Dit voorbehoud komt erop neer, dat naar de mening van de Inspecteur aan de door hem gestelde voorwaarden voor de geruisloze inbreng niet wordt voldaan. Hij is namelijk van mening dat de goodwill van de onderneming van de firma C per 1 augustus 1993 geen hogere waarde had dan ƒ 150.000. Het aandeel van belanghebbende daarin bedraagt ƒ 100.000.

7. De Inspecteur heeft belanghebbende voor het jaar 1994 een aanslag opgelegd berekend naar een belastbaar inkomen van f 1.192.287, zonder toepassing van een bijzonder tarief. Het belastbaar inkomen zoals vastgesteld door de Inspecteur omvat geen winst uit onderneming. Wel is daarin begrepen een winstuitdeling door X Beheer B.V. aan belanghebbende ten bedrage van ƒ 1.000.000(5); de Inspecteur staat op het standpunt dat X Beheer B.V. aan belanghebbende een uitdeling van f 1.000.000 heeft gedaan, door tot dat bedrag aan belanghebbende aandelen uit te reiken zonder dat daarop storting heeft plaatsgevonden of zal plaatsvinden. Op het bezwaar van belanghebbende heeft de Inspecteur de aanslag gehandhaafd.

8. Belanghebbende heeft beroep ingesteld bij het Gerechtshof te Arnhem (hierna: het Hof). Het Hof is slechts ten dele aan belanghebbendes grieven tegemoet gekomen.

Belanghebbende heeft vervolgens beroep in cassatie ingesteld. Hij heeft niet minder dan twaalf middelen van cassatie voorgedragen.

De Staatssecretaris van Financiën heeft een verweerschrift ingediend.

Belanghebbende heeft de zaak schriftelijk doen toelichten door BB, advocaat te Q.

9. Bij een beschikking als bedoeld in artikel 13 Wet DB 1965 heeft de Inspecteur het bij de oprichting van X Beheer B.V. op de aandelen van die vennootschap gestorte kapitaal vastgesteld op ƒ 170.000. Daarbij heeft hij rekening gehouden met een ingebrachte goodwill van ƒ 100.000, zoals hij ook heeft gedaan bij de vaststelling van de aanslag inkomstenbelasting/premie volksverzekeringen 1994 ten laste van belanghebbende. Op de zo-even genoemde beschikking heeft betrekking de bij uw Raad aanhangige zaak nr. 36 025. Daarin neem ik heden eveneens een conclusie.

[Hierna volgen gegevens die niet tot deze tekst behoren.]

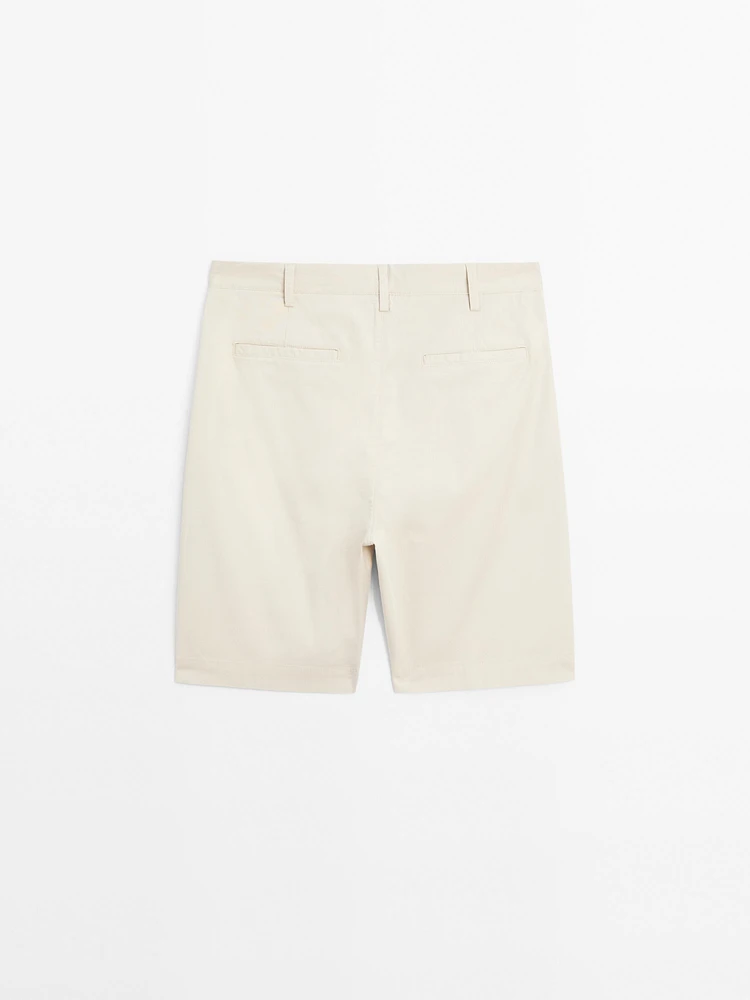 Cotton blend Bermuda shorts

Voorts lopen bij uw Raad parallele zaken van respectievelijk de vader van belanghebbende, A, en diens vennootschap, B B.V. In die zaken, met de nrs. 36 028 en 36 026, concludeer ik niet.

De inbrengwaarde

10. Alle geschilpunten in deze zaak vloeien voort uit een diepgaand verschil van mening tussen belanghebbende en de Inspecteur over de waarde in het economische verkeer van het aandeel in de firma C dat in X Beheer B.V. is ingebracht.

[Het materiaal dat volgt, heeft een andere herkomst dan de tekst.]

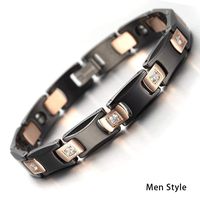 Qucasyl Strength Magnetic&Negative-Ions Therapy Stainless Steel Bracelets for Men Women Health Stress Relief Wristband [Free Links Removal Tool],Men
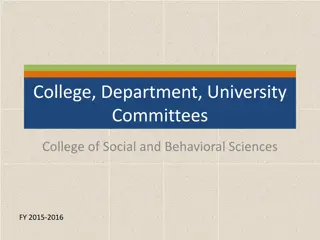 College, Department, University Committees - Social and Behavioral Sciences Summary FY 2015-2016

Volgens de Inspecteur is de inbrengwaarde van het firma-aandeel, onder aftrek van de waarde van het door belanghebbende bedongen stamrecht en het beloop van de creditering te zijnen gunste, aanzienlijk lager dan de nominale waarde van de door X Beheer B.V. geëmitteerde aandelen. In deze zienswijze is meer nominaal aandelenkapitaal aan belanghebbende uitgegeven dan op de aandelen is gestort. Zou deze visie juist zijn, dan heeft zij in beginsel twee consequenties:

(i) de krachtens artikel 18 Wet IB 1964 gestelde voorwaarde 7 is niet nageleefd(6), zodat de inbreng niet fiscaal geruisloos kan verlopen; en

(ii) de uitreiking van de aandelen X Beheer B.V. valt onder de omschrijving van artikel 29, eerste lid, Wet IB 1964 en vormt blijkens die omschrijving een dividend voorzover storting van de nominale waarde niet heeft plaatsgevonden.

Al hebben de twee hiervóór genoemde gevolgen een gemeenschappelijke oorzaak, zij moeten terdege van elkaar worden onderscheiden.

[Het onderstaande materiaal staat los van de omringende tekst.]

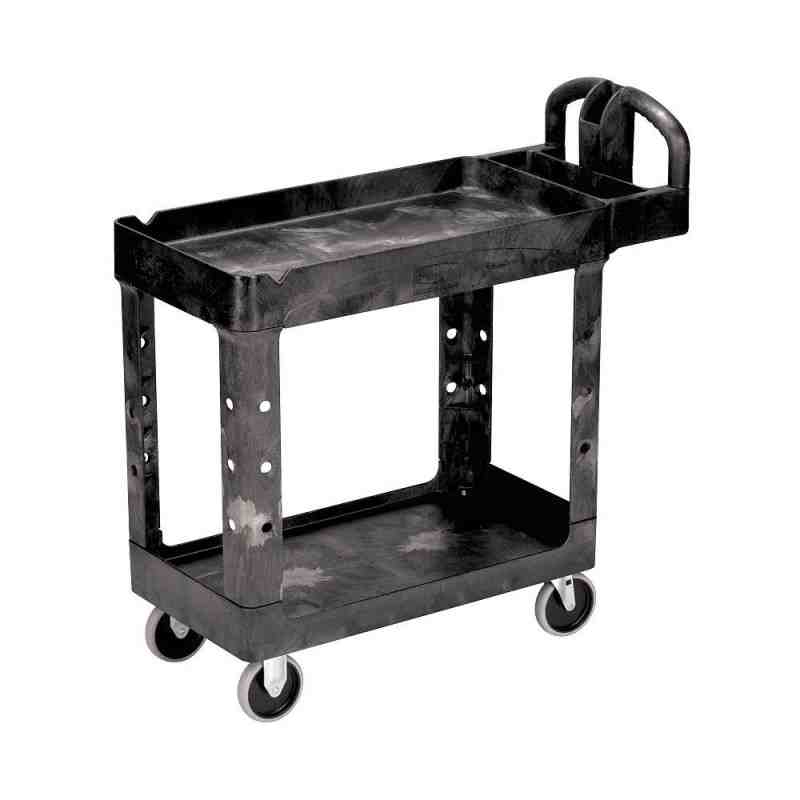 Rubbermaid FG450088BLA Black Small Lipped Two Lipped Shelf Utility Cart with Ergonomic Handle - [Cleaning Supplies Canada Discou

11. Alles draait dus om de waarde in het economische verkeer van het ingebrachte firma-aandeel, maar per welk tijdstip?

Waar het betreft de beoordeling of aan de voorwaarden ex artikel 18 Wet IB 1964 is voldaan, is het antwoord op deze vraag eenvoudig te geven. De derde volzin van

voorwaarde 7 bepaalt uitdrukkelijk:

"Het nominaal geplaatste aandelenkapitaal wordt bepaald aan de hand van de waarde in het economische verkeer welke op het overgangstijdstip aan het vermogen van de ingebrachte onderneming kan worden toegekend."

Het overgangstijdstip is in dit geval 1 augustus 1993.

Minder duidelijk is evenwel welke waardepeildatum moet worden aangehouden voor de toepassing van artikel 29, eerste lid, Wet IB 1964; is dat in een geval als het onderhavige, waarin sprake is van een zogenoemde voorperiode, eveneens het hiervóór bedoelde overgangstijdstip? Of moet van een andere waardepeildatum worden uitgegaan, bijvoorbeeld de datum van de inbreng in civielrechtelijke zin dan wel het waarderingstijdstip van de inbrengbeschrijving waarop artikel 2:204a BW het oog heeft?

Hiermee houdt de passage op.